Responder MUST pause when credits reach zero; resume when more are granted.

### 4.3 Cancel

Initiator sends `{ type:"cancel", stream_id:3 }`. Responder MUST stop emitting `stream_chunk` within 1 frame and reply `{ type:"stream_end", reason:"cancelled" }`. The session stays open for further streams.

### 4.4 Errors

Any side can emit `{ type:"error", error:{ code, message } }` for a stream. Stream is terminated; session unaffected.

## 5. Security considerations

- **DID binding via prologue.** Swapping the responder's static key mid-handshake invalidates the prologue hash, causing handshake failure. This is the core defense against MITM.
- **Replay**: the Noise handshake uses fresh ephemeral keys each session; no explicit nonce exchange is needed.
- **Traffic analysis**: not in scope. Message sizes leak; pad if you care.
- **Key rotation**: if a DID Document rotates its Ed25519 key, existing sessions remain valid (session keys are already derived); new sessions use the new key.
- **Session resumption**: not in scope for v0.1. Clients MUST be prepared to re-handshake on reconnect.

## 6. Conformance

A conforming implementation MUST:

- (C1) **Handshake DID-binding**: swap responder's static key mid-handshake → initiator aborts.
- (C2) **Streaming backpressure**: server emits 10 000 chunks, client grants 8 at a time → server blocks after 8 unacked chunks; resumes on credit; all 10 000 delivered in order.
- (C3) **Graceful cancel**: `cancel(stream_id)` causes server to stop within 1 frame; session remains open for further RPCs.
- (C4) **Frame decoding determinism**: identical plaintext `type`+`params` MUST produce identical decoded frames across implementations.

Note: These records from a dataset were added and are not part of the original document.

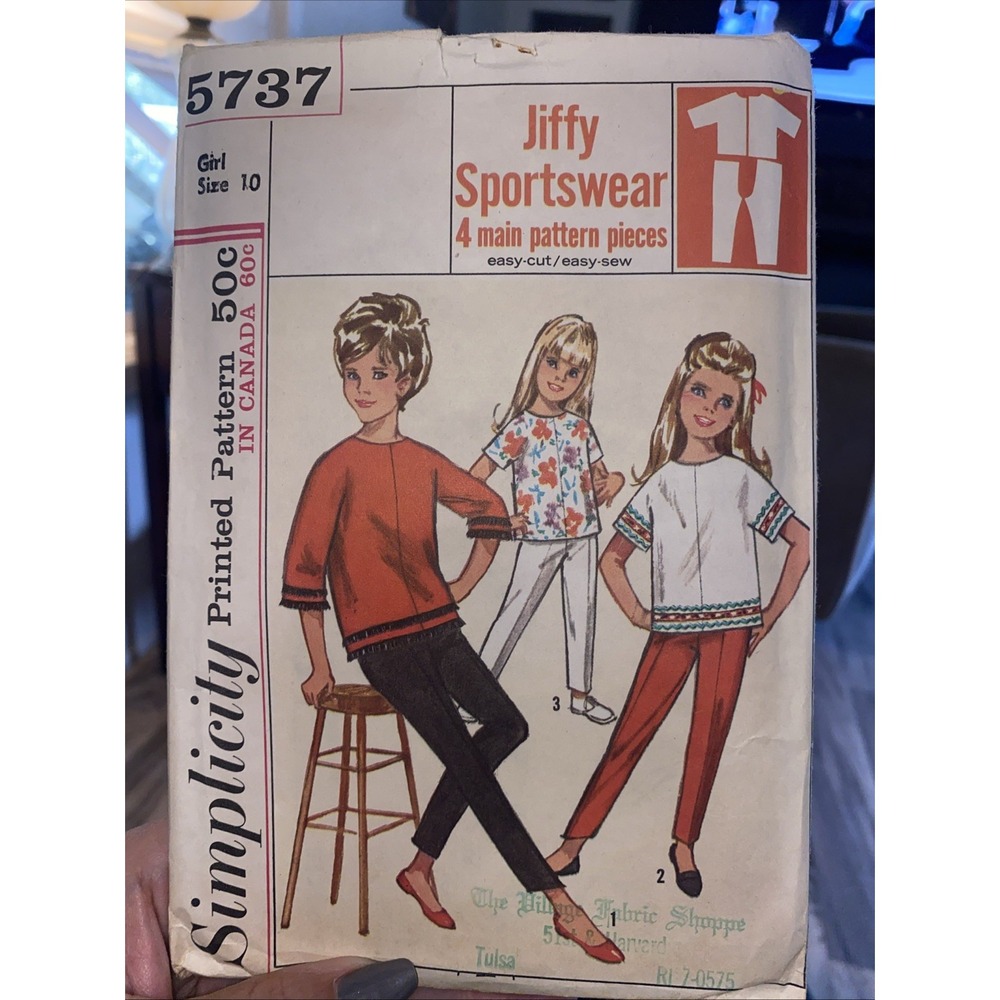 Vintage Simplicity Girls Outfit Sewing Pattern 5737 Size 10 Cut Complete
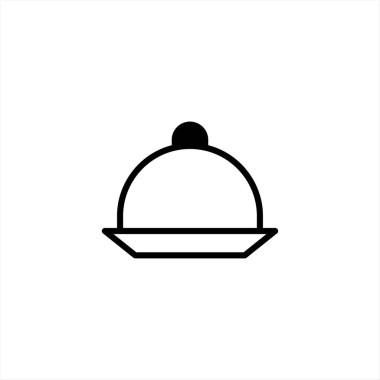 A minimalist line drawing depicts a serving dome on a plate. This graphic element is suitable for representing catering, fine dining, or kitchenware. The clean design lends itself to menus, event
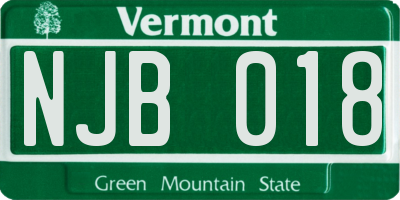 VT license plate NJB018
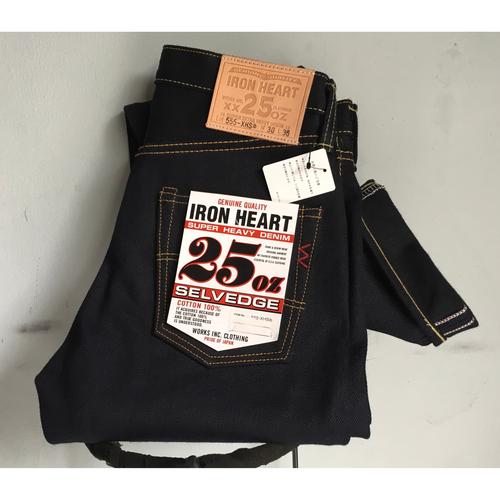 Jual Iron Heart IH555XHSib 25oz Extra Heavy Denim Indigo x Black Slim Jakarta Barat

Test vectors live in `conformance/`.

## 7. References

- [Noise Protocol Framework]https://noiseprotocol.org/
- [BOLT-8 (Lightning handshake)]https://github.com/lightning/bolts/blob/master/08-transport.md
- [Ed25519 → X25519 conversion]https://blog.filippo.io/using-ed25519-keys-for-encryption/
- [`agent-id` spec]../agent-id/SPEC.md
- [JSON-RPC 2.0]https://www.jsonrpc.org/specification